Mr Bakhurst would not be drawn on the accuracy of that figure, but he confirmed that Mr Coveney’s exit package was far less than what it might have been if he had, for example, pursued a case at the Workplace Relations Commission.
In an interview on RTÉ radio‘s Drivetime programme, Mr Bakhurst insisted the law was very clear on the non-disclosure elements of such agreements. He also suggested that some elected politicians, but not Ms Martin, were effectively asking him to break the law, which put him in a “quite unusual” position.
He said RTÉ was taking legal advice on bringing more clarity to the agreements but also said confidentiality was standard in mediated situations. “I had a discussion with the Minister about pursuing every avenue possible, which is what I said would do on achieving maximum transparency. And the Minister is very well aware of Ireland’s employment laws, and the legal constraints.”
Mr Bakhurst argued that he had wanted to refresh the RTÉ management team and there were no grounds for firing Mr Coveney or Mr Collins, which meant exit packages had to be negotiated in both cases.
“I think the underlying thing is when you work in the semi-State [sector] like we do in RTÉ, we’re not in America, you can’t just fire people willy-nilly with no repercussions,” he said.

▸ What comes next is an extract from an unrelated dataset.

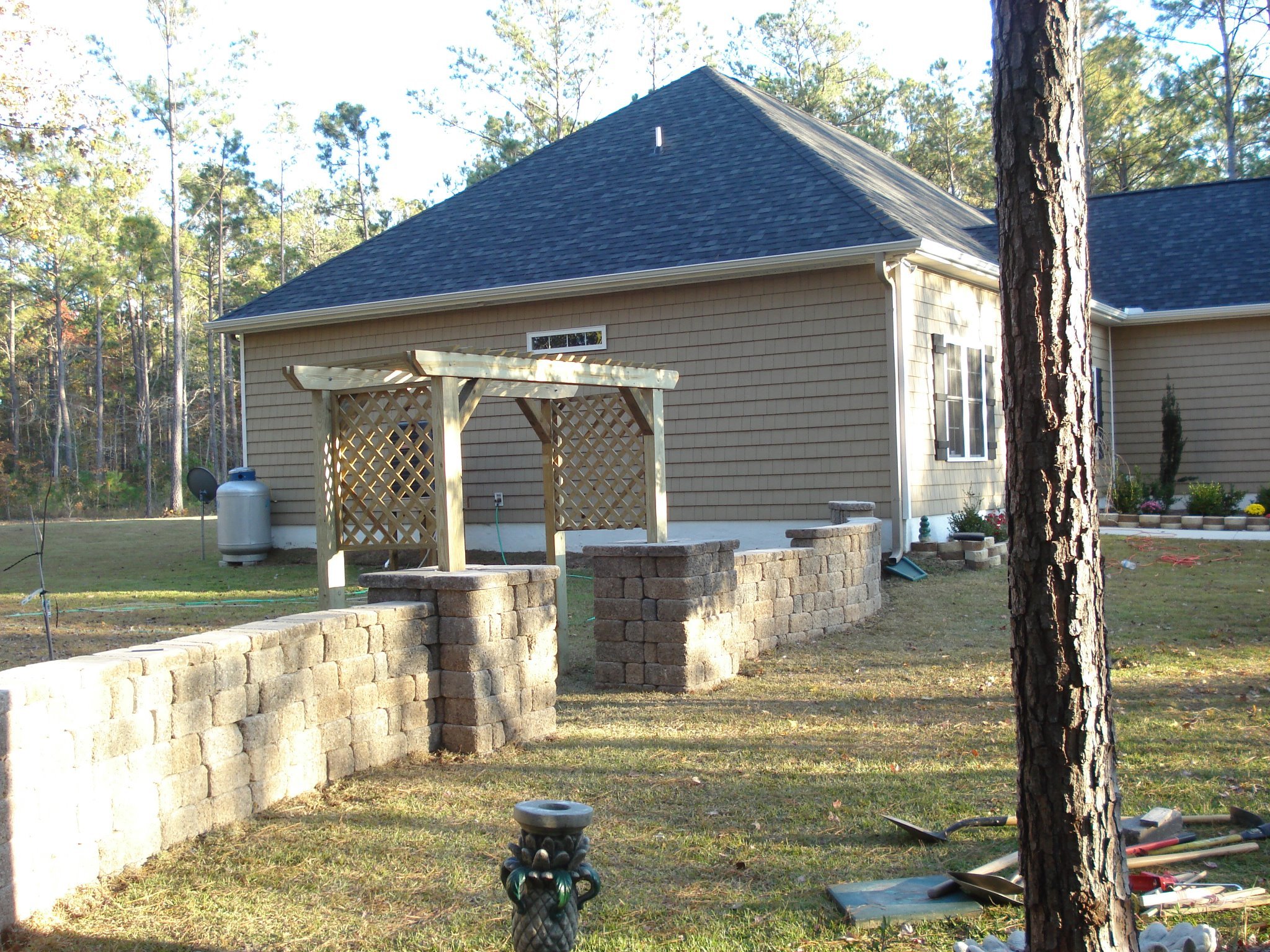 Backyard with brick walls and wooden pergola.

“Had I gone down that route, it would have resulted in a liability substantially more than what we ended up paying because we’d have legal cases taken against us.”

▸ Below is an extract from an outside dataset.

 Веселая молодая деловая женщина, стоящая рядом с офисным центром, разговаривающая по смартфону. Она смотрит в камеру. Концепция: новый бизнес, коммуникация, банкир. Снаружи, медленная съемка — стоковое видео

Earlier, Mr Bakhurst took issue with the suggestion that the deals were secret. He said he had disclosed in an interview last July that Mr Coveney had received a payment.
However, he rowed back on that during the interview, accepting he had said at the time that Mr Coveney had not received a payment “going out the door” but was entitled to a statutory payment, which would have been a fraction of the sum he is reported to have received.
He accepted that Toy Show the Musical was a “disaster” but said Mr Coveney had a 16-year career at the station and had presided over really successful initiatives during that time. He also argued that there was a zero net cost to the broadcaster as the position had not been filled.
After her meeting with Mr Bakhurst and RTÉ chairwoman Siún Ní Raghallaigh on Monday, Ms Martin said she had expressed “concern and frustration” at how the ongoing controversy was undermining the reform programme at the broadcaster.
Ms Martin said she fully supported a cap being put on exit payments in future. It emerged last week that former RTÉ chief financial officer Breda O’Keeffe was given a redundancy payout of €450,000.
“We should not see the eye-watering, shocking amounts that we saw last week ever again,” the Minister said.
She expressed confidence in Mr Bakhurst notwithstanding the current controversy, saying: “I think he is the best person to be the DG of RTÉ.”